As the father of two young daughters, I’m currently watching more musicals than at any other point in my life. Alongside relatively new ones like "Frozen," I’ve been introducing them to some of what I watched in my childhood, things like "Mary Poppins" and "Annie." But their pick of the older crop is undoubtedly "The Sound of Music." Now our house is filled with ‘Do-Re-Mi’, ‘So Long, Farewell’, and regular queries about just how we might solve a problem like Maria.
It’s that last one I want to talk about here. At the start of the film Maria is a nun, the worst in the convent, and the song is an argument between two nuns who think she’s irresponsible (“A will-o’-the-wisp!” “A clown!”), and two who think she’s just irrepressible (“How do you catch a cloud and pin it down?”).

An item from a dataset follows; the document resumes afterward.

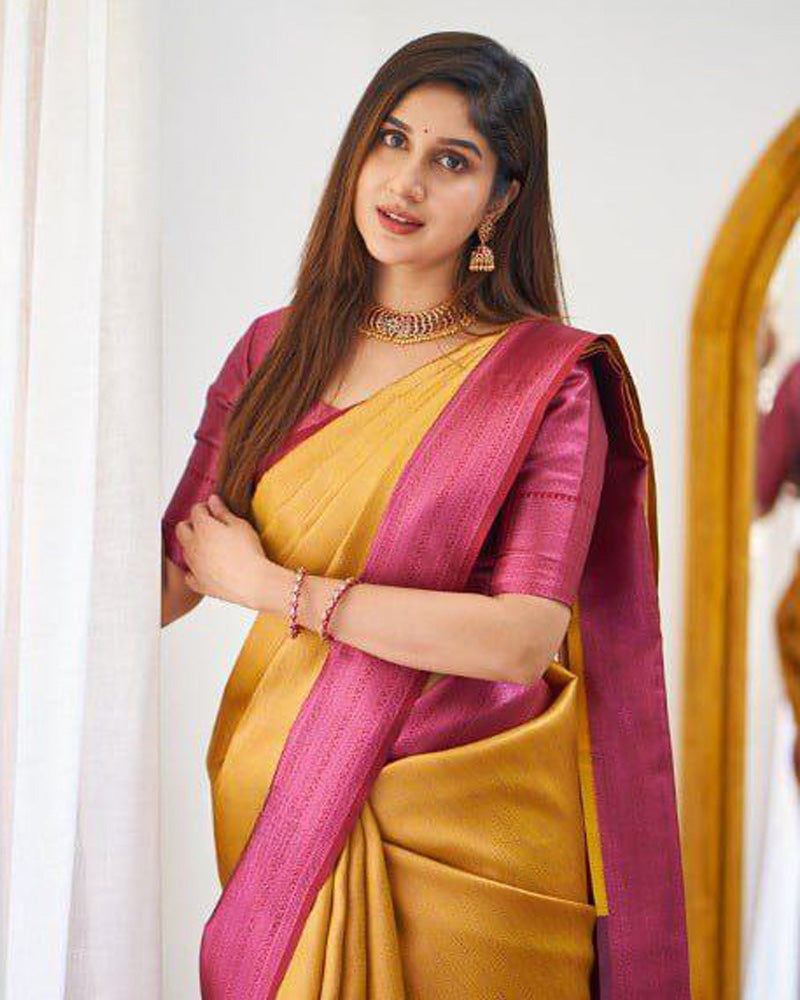 Mustard Yellow Soft Banarasi Silk Saree With Exclusive Jacquard Border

Every time I hear the song there’s one word I can’t stop turning over in my mind. It’s one of the words the angry nuns use: flibbertigibbet. Can you read it without wanting to say it out loud? It’s such a fun word to get your mouth around, a silly word, which makes sense because it describes a silly person—usually someone who can’t shut up, and doesn’t say anything worthwhile. There’s a good argument to be made, in fact, that the word is onomatopoeic—that is, the sound of it emulates the sound of what it describes, which in this case is meaningless chatter.
But there’s something in the word I find disturbing, too. I think it must be the ‘gibbet’ that it ends in. A gibbet is another word for a gallows, an upright post with an arm from which criminals could be hanged using a noose, or, in medieval Europe, displayed in cages after their execution: a kind of pre-modern anti-crime highway billboard.

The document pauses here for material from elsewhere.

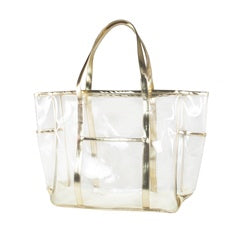 CLEAR/GOLD BEACH TOTE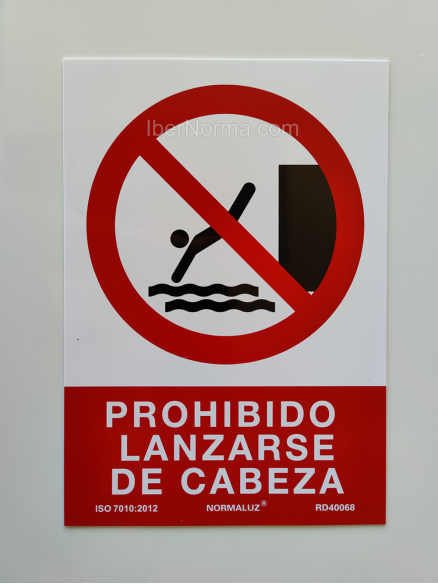 Señal Prohibido lanzarse de cabeza - PVC - NMZ (Normaluz)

Digging a little deeper into the origin of ‘flibbertigibbet’ I don’t find any explicit link to the gallows, but I do discover that it’s the name of one of the demons that possesses Poor Tom in Shakespeare’s "King Lear" (first performed in December 1606). As it turns out, Shakespeare got the name Flibbertigibbet from a contemporary work, Samuel Harsnett’s snappily titled "A Declaration of Egregious Popish Impostures" (1603). Harsnett was an Anglican archdeacon who was skeptical about the existence of demons, and his text was an inquiry into a number of public exorcisms performed by Catholic priests in Buckinghamshire, England, in the 1580s. Flibbertigibbet was one of four demons reportedly cast out of one poor woman. The others were Frateretto, Hoberdidance (who also makes it into "King Lear" as ‘Hibbididence’), and Tocobatto.
Over time the word’s darker associations have fallen away, with evil being replaced by silliness. Now, when one of the angry nuns calls Maria a flibbertigibbet, they aren’t calling her anything infernal, and when my daughters and I feel moved to sing scraps of the song as we go about our day, we can do so safe in the knowledge that we’re not opening a door to any unwelcome guests; we’re just being flibbertigibbets.